Policy Behavior Typical use
child_table Split the path into a normalized child table. Arrays of entities, nested dimensions, repeatable attributes.
preserve_json Keep the nested value in the parent row and do not create a child table. Small JSON attributes consumed as a single document.
ignore Drop the path from normalized output. Debug payloads, unstable API decorations, user-disabled fields.
quarantine Write the path to <root>__quarantine with path, payload, and reason. Sensitive, dirty, or contract-breaking nested values that must not enter target tables.

split_paths accepts a tiny JSONPath subset for field paths such as $.items[*] and $.items[*].discounts[*]. It is intentionally small: dpone keeps normalization deterministic and table-oriented instead of running an arbitrary JSON transformation language inside the loader.

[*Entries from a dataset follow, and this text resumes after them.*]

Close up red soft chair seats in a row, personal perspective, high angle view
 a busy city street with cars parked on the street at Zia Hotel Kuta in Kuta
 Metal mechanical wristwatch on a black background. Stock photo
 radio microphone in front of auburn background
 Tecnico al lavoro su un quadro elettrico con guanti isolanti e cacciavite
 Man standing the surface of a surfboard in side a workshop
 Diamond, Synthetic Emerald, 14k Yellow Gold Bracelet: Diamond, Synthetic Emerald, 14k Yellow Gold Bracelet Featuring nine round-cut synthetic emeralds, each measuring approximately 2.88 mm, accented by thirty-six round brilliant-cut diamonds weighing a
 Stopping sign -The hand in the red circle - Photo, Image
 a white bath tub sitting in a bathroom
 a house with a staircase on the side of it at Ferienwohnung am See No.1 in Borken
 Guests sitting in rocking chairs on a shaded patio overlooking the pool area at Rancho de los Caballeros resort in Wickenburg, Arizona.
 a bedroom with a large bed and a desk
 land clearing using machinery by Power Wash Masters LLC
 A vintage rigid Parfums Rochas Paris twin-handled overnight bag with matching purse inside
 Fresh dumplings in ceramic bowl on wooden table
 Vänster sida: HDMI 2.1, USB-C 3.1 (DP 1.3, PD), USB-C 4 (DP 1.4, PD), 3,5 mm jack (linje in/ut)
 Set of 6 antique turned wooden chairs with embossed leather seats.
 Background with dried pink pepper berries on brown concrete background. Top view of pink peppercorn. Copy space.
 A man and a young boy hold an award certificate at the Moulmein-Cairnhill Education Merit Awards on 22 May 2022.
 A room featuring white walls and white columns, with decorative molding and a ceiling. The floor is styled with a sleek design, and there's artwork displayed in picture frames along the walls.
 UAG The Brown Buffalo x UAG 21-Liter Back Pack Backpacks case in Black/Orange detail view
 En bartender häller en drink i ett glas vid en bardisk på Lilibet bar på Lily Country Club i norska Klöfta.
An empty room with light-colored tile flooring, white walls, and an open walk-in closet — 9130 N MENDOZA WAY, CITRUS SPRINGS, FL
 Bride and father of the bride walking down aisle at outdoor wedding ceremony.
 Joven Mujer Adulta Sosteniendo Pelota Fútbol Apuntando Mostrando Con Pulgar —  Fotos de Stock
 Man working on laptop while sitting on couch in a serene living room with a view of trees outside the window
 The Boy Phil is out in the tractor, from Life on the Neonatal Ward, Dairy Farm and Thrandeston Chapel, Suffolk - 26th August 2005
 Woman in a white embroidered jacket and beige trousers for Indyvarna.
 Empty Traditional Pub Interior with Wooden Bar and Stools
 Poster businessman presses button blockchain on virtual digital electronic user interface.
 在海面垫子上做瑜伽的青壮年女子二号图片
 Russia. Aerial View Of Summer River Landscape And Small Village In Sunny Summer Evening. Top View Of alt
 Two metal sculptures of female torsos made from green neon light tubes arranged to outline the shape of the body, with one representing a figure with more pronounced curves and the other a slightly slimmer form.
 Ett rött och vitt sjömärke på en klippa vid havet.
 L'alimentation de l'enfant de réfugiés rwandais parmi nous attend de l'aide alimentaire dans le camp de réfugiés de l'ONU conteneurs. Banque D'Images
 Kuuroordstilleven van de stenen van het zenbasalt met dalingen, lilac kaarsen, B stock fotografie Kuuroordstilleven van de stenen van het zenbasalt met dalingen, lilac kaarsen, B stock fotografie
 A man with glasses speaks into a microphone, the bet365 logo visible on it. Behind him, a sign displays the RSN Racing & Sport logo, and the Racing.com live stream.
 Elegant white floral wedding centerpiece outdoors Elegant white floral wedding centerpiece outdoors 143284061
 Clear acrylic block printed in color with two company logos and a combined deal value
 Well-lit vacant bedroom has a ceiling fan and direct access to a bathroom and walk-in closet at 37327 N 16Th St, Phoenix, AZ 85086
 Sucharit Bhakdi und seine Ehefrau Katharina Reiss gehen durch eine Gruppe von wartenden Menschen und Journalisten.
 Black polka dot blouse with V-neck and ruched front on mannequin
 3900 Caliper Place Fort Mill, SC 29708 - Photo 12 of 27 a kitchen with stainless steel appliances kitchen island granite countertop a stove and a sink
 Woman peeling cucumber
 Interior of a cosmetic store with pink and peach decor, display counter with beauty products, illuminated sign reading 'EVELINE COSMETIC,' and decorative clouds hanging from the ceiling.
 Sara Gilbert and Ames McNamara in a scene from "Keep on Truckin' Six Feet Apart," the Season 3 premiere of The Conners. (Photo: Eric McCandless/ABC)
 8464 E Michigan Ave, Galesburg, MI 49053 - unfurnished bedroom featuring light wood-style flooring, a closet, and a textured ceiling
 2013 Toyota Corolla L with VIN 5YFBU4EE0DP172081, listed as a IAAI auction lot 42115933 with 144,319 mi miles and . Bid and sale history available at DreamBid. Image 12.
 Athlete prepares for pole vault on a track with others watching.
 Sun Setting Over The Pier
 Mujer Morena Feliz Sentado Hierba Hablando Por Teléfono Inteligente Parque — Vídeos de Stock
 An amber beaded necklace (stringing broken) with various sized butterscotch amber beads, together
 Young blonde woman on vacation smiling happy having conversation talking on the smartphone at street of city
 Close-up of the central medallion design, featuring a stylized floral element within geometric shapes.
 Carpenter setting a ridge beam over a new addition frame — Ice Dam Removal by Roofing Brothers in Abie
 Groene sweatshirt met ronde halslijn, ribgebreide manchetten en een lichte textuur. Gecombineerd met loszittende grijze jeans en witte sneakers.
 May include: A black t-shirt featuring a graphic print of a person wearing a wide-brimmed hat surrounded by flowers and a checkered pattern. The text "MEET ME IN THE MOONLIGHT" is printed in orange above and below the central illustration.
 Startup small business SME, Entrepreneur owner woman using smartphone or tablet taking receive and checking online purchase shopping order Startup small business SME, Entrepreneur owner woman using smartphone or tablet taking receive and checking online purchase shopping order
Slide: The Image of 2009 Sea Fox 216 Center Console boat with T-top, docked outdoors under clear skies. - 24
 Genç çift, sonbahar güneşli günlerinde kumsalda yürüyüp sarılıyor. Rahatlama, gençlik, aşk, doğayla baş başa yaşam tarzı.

Raw + normalized dual-write

raw_landing.enabled: true adds a raw landing table next to normalized tables. For a root table orders, the default raw table is orders__raw. It contains one row per root source row, the configured payload column, and the same __dpone__load_id, __dpone__row_id, __dpone__root_row_id, and timestamp lineage columns as normalized rows.

Use this mode when:

  • onboarding a new semi-structured source;
  • debugging normalization policy changes;
  • preserving vendor payloads for audit or replay;
  • migrating downstream consumers gradually from raw JSON to normalized tables.

Explosion guardrails

Nested APIs can accidentally produce millions of child rows from a single root record. Guardrails fail before materialization grows without bounds.

Guardrail What it protects
max_array_length One JSON array is too large to normalize safely.
max_child_tables One root row fans out into too many distinct child tables.
max_rows_per_root One root row produces too many total normalized rows.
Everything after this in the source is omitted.